(Items from a dataset)
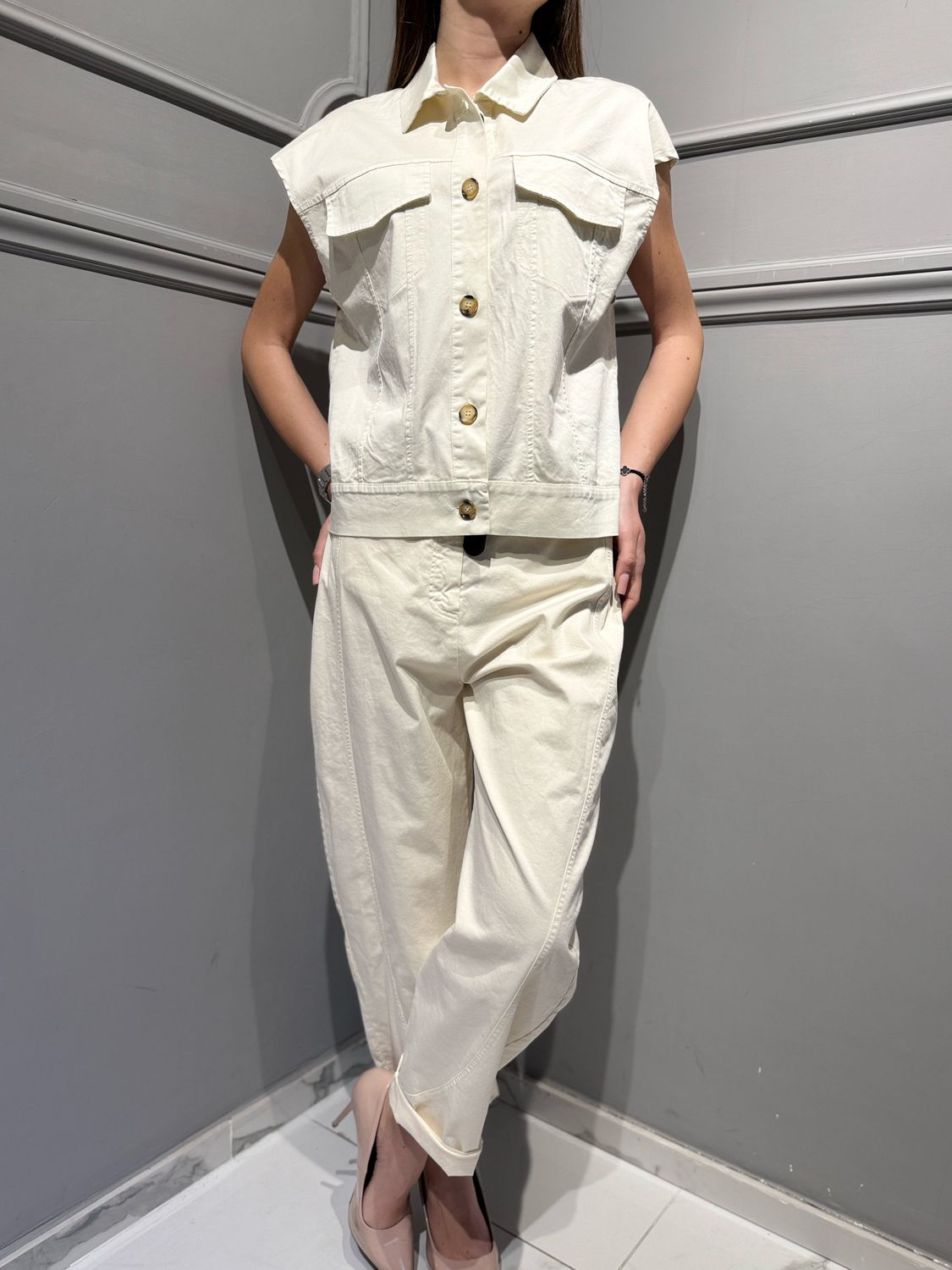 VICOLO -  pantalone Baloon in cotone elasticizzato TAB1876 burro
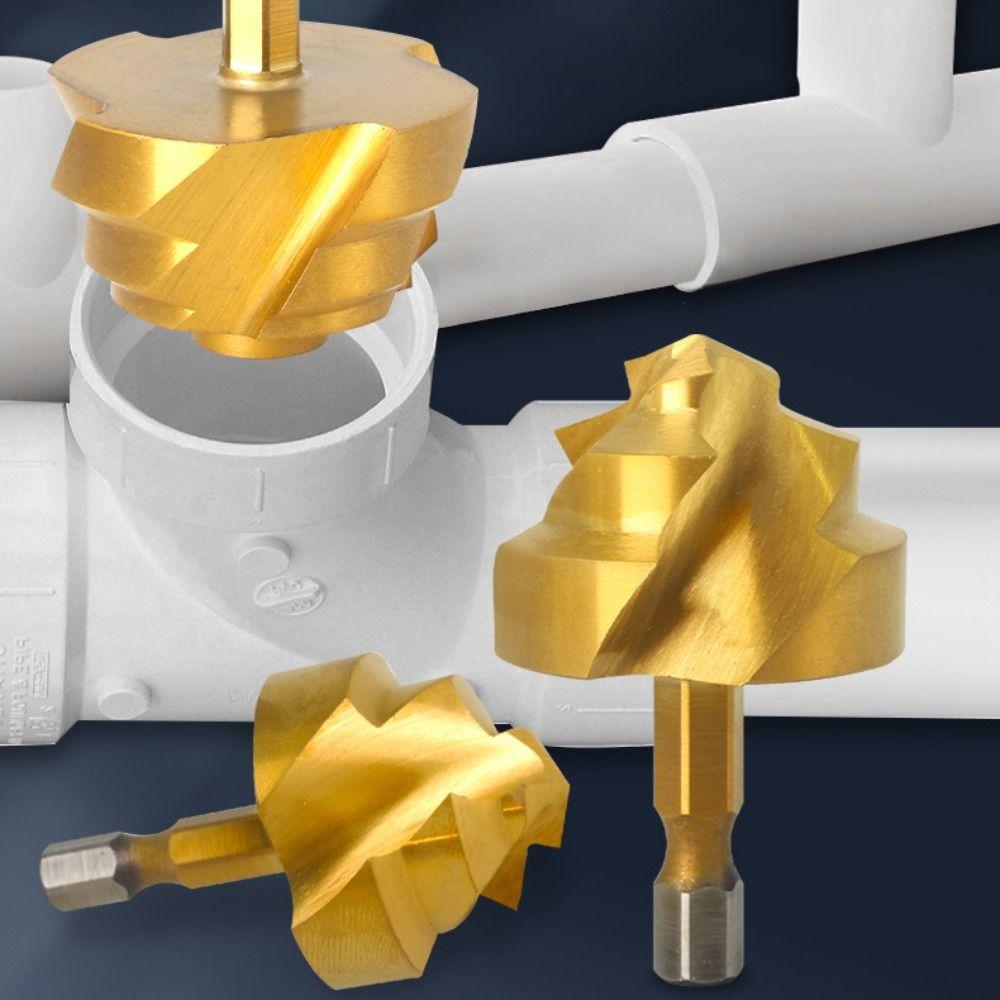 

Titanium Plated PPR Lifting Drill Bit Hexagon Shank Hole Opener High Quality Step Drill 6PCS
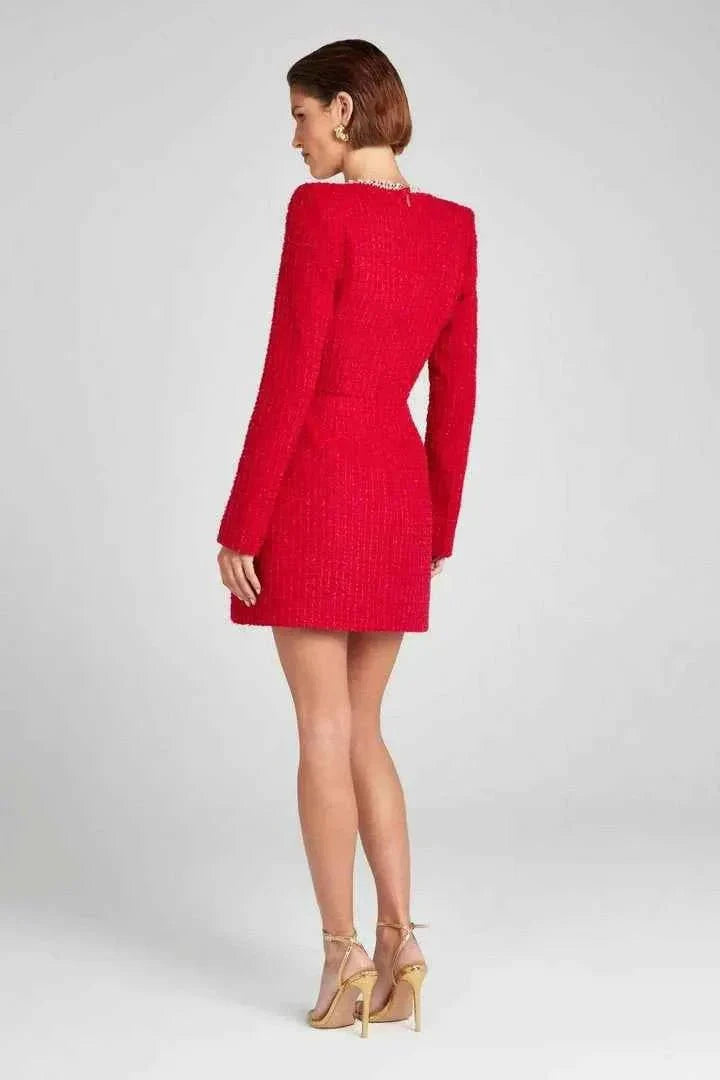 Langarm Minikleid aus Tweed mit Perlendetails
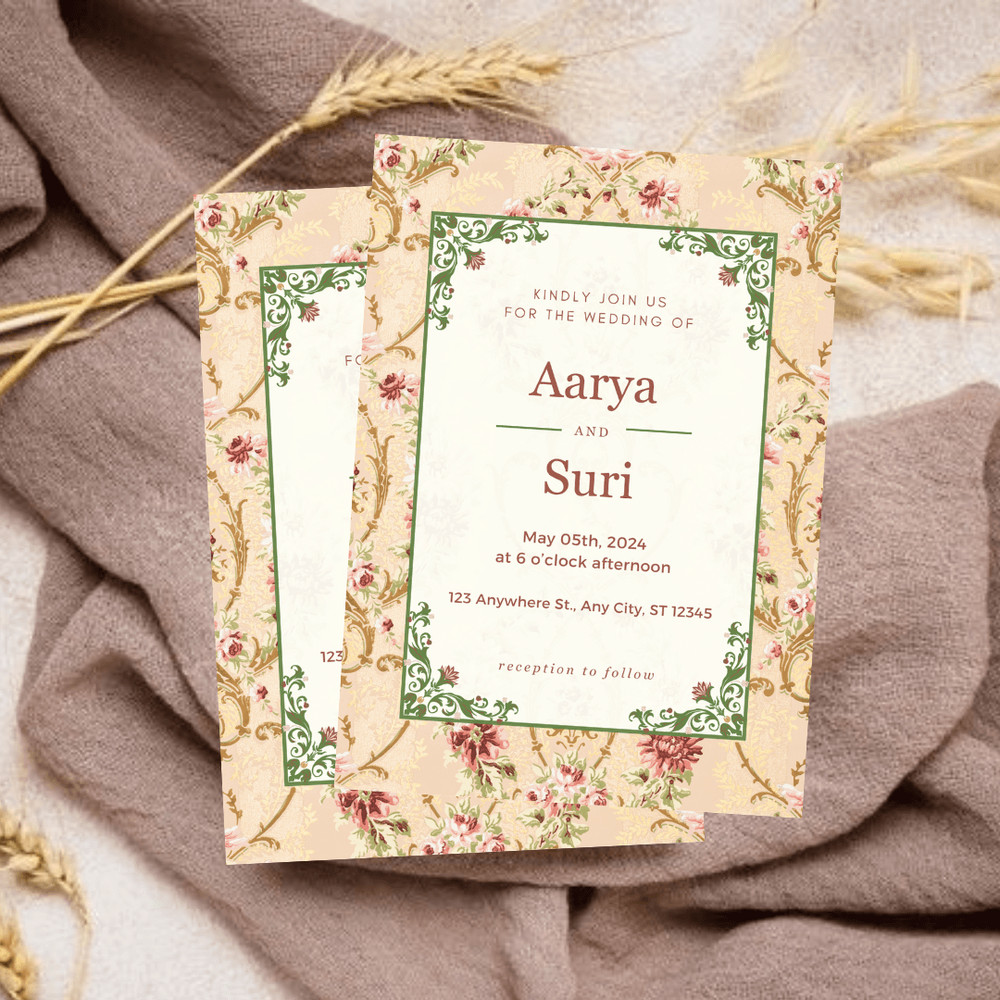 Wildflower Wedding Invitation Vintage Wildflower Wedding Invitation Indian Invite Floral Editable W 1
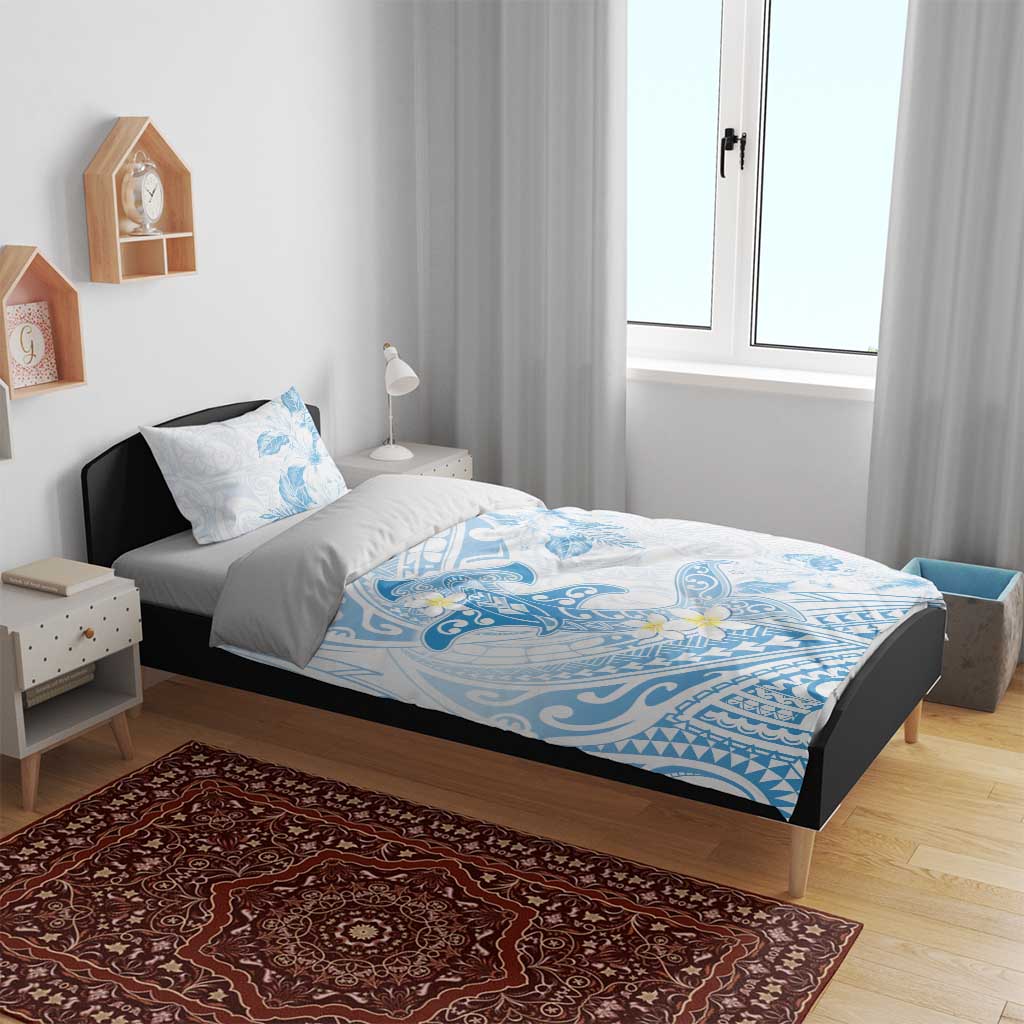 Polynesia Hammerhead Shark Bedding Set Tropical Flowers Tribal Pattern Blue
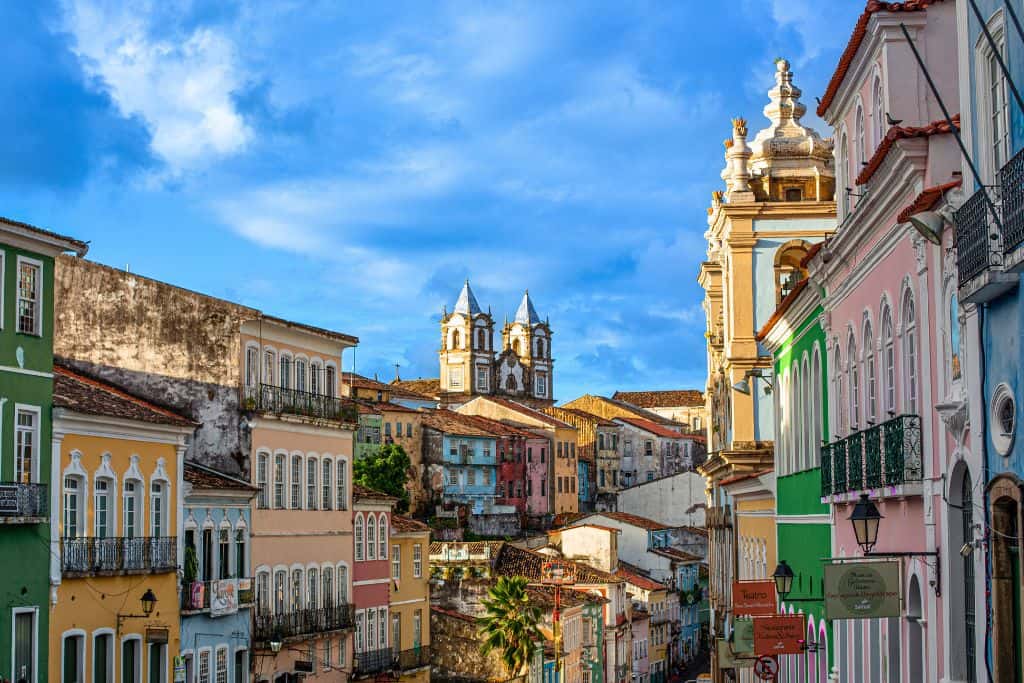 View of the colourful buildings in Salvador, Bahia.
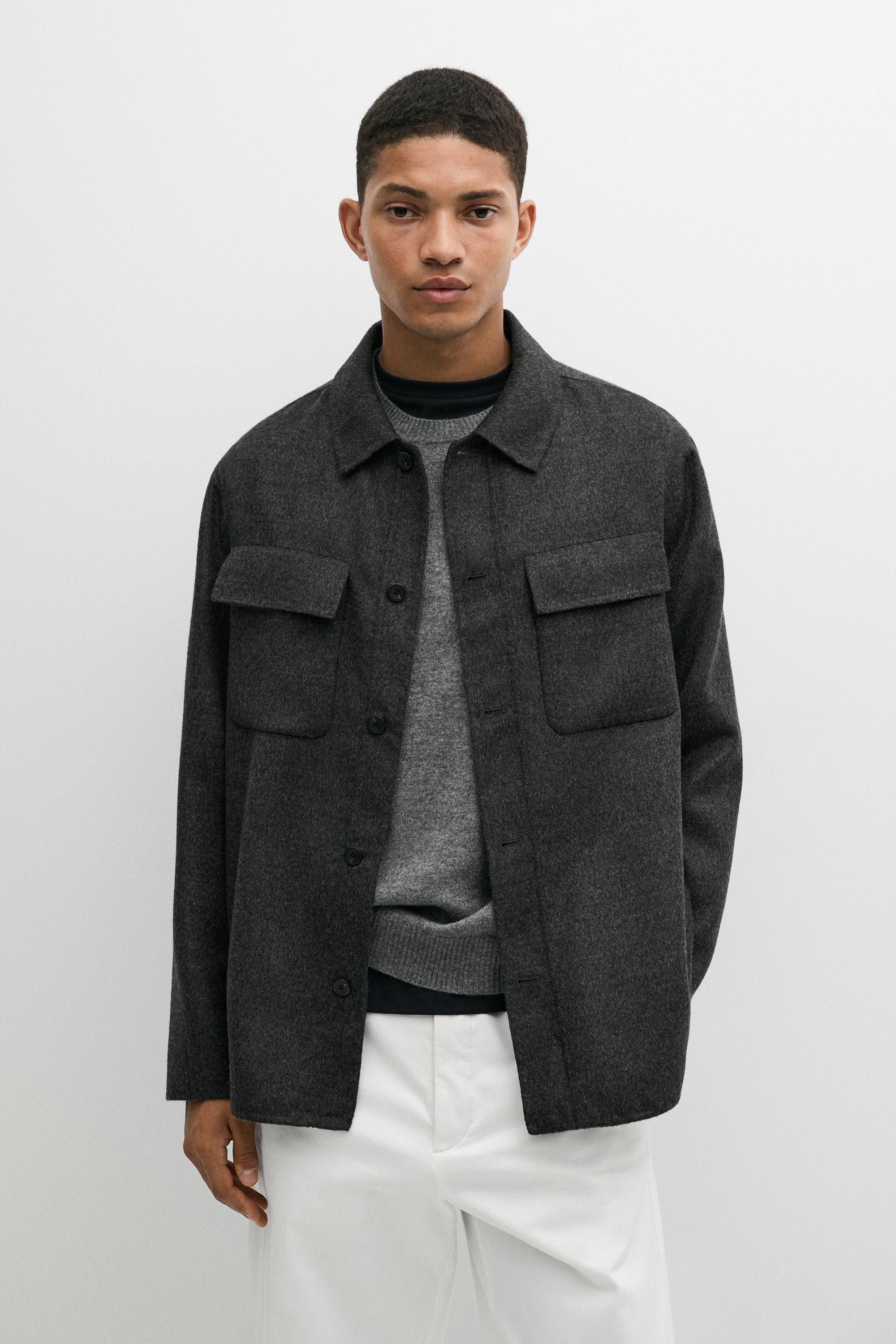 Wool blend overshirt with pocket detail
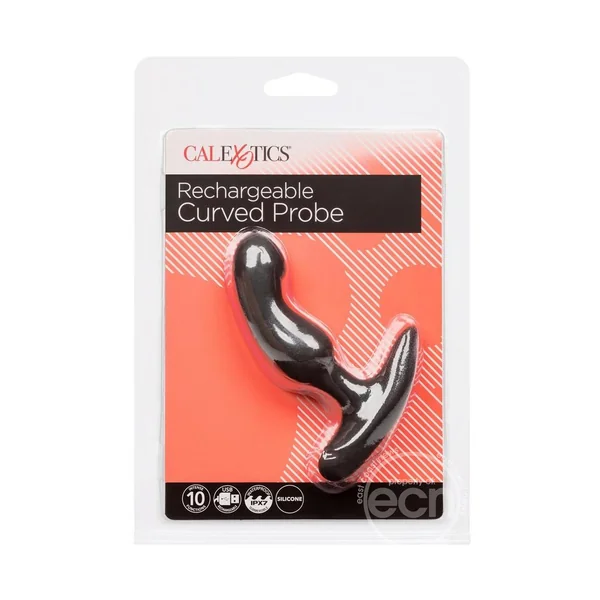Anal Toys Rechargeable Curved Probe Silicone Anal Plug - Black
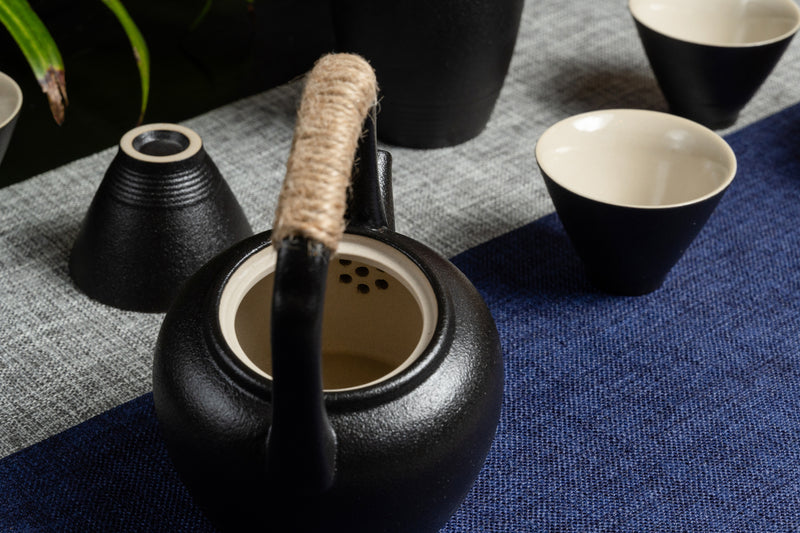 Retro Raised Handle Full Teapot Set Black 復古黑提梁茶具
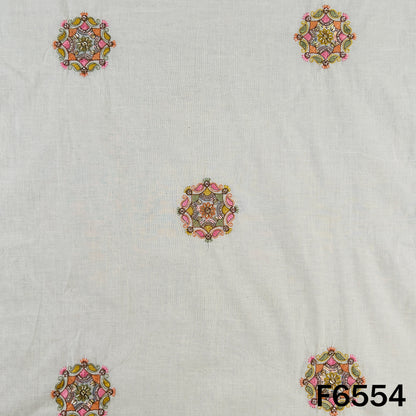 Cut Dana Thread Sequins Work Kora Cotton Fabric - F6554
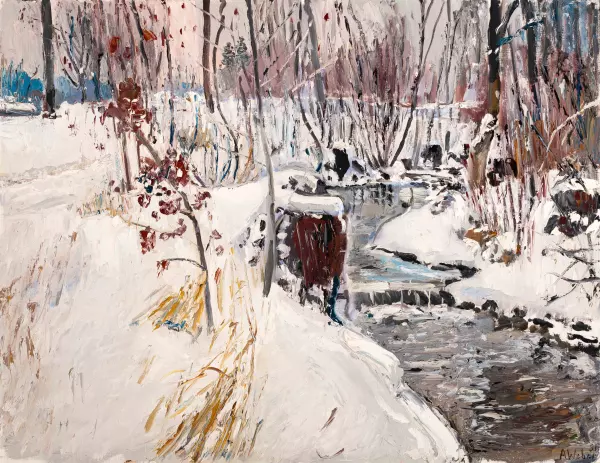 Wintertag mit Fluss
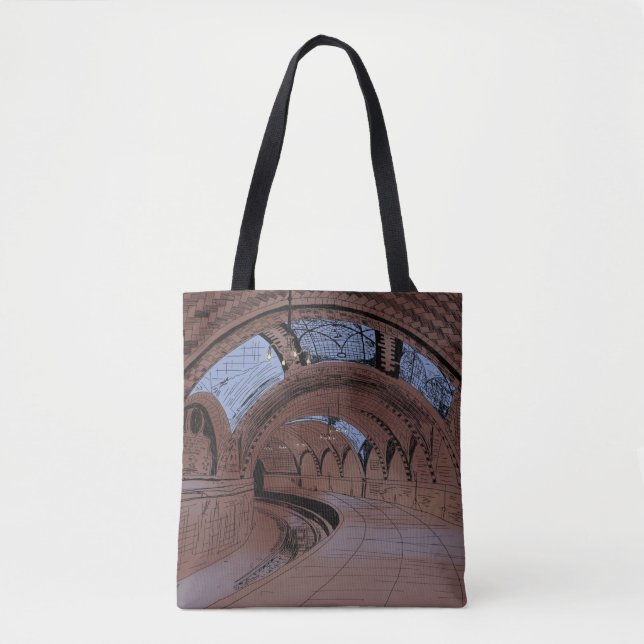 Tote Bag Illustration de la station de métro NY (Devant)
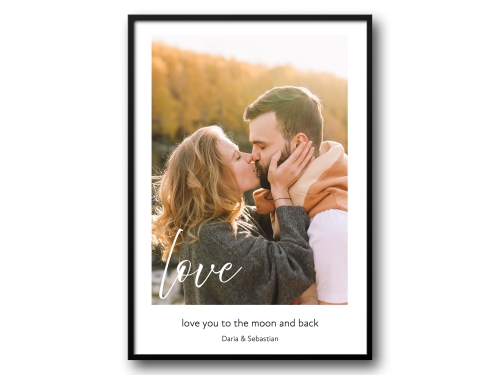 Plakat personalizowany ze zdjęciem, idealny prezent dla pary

◆ **EXERCISE OBJECTIVE**
Starting at the line where "View of the" appears, restate every line through the end of the records above exactly, but omit the pictures.

◆ **REPLY TO THE EXERCISE**
 View of the colourful buildings in Salvador, Bahia.
 Wool blend overshirt with pocket detail
Anal Toys Rechargeable Curved Probe Silicone Anal Plug - Black
 Retro Raised Handle Full Teapot Set Black 復古黑提梁茶具
 Cut Dana Thread Sequins Work Kora Cotton Fabric - F6554
 Wintertag mit Fluss
 Tote Bag Illustration de la station de métro NY (Devant)
 Plakat personalizowany ze zdjęciem, idealny prezent dla pary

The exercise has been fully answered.